Picasso post-war prints
lithographs and aquatints
27 January – 3 March 2017
Supported by the Art Fund.
Recommend this exhibition
Three of Picasso’s prints of Françoise Gilot
This display showcases 16 important lithograph prints and three aquatint prints by Pablo Picasso, covering the post-war period from the late 1940s to the late 1950s.
The group of recently acquired prints range in expression and style, and highlight key themes in his work from this period – his friendships, relationships and collaborations. These works were acquired with the support of the Art Fund (with a contribution from Art Partners and The Wolfson Foundation), the Vollard Group, Hamish Parker, Clive Gillmore, Tavolozza Foundation - Katrin Bellinger and individual contributions.
The young French painter Françoise Gilot, who was Picasso’s muse and lover from 1943 to 1953, inspired six of the lithographs on display. Uniquely among Picasso’s partners it was Gilot who ended the relationship, and her independent-mindedness is forcefully conveyed in some of the prints while in others the focus is on her as a mother to the couple’s two small children, Claude and Paloma. Lithographs were Picasso’s main printmaking focus from 1945 to the mid-1950s, and those on show were produced in collaboration with the talented printers working in the Parisian lithographic studio run by Fernand Mourlot.

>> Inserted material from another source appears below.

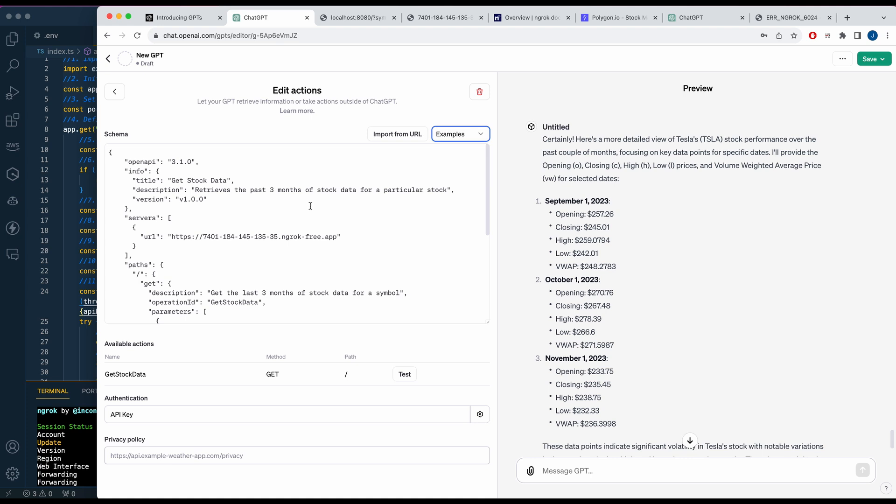That's pretty much it for this video. You don't have to use a financial endpoint — you can use your own endpoint of whatever you'd like, or whatever you already have implemented. You just have to get used to mapping that schema. You can also set this up with a YAML file if you'd like. Hopefully you found this video useful — if you did, please like, comment, share, and subscribe.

The large aquatints on display are from the early 1950s, and show Picasso’s experimentation with the tonal possibilities of this etching technique. He worked with young printers at the Paris workshop of Roger Lacourière, who he first collaborated with in the 1930s on the Vollard Suite.
These exciting recent acquisitions mean there are over 550 Picasso prints in the Museum’s collection, now covering all phases of the artist’s career. A selection of the Museum’s Picasso linocuts purchased with the help of the Art Fund is also on show at the Cooper Gallery in Barnsley until 29 April 2017.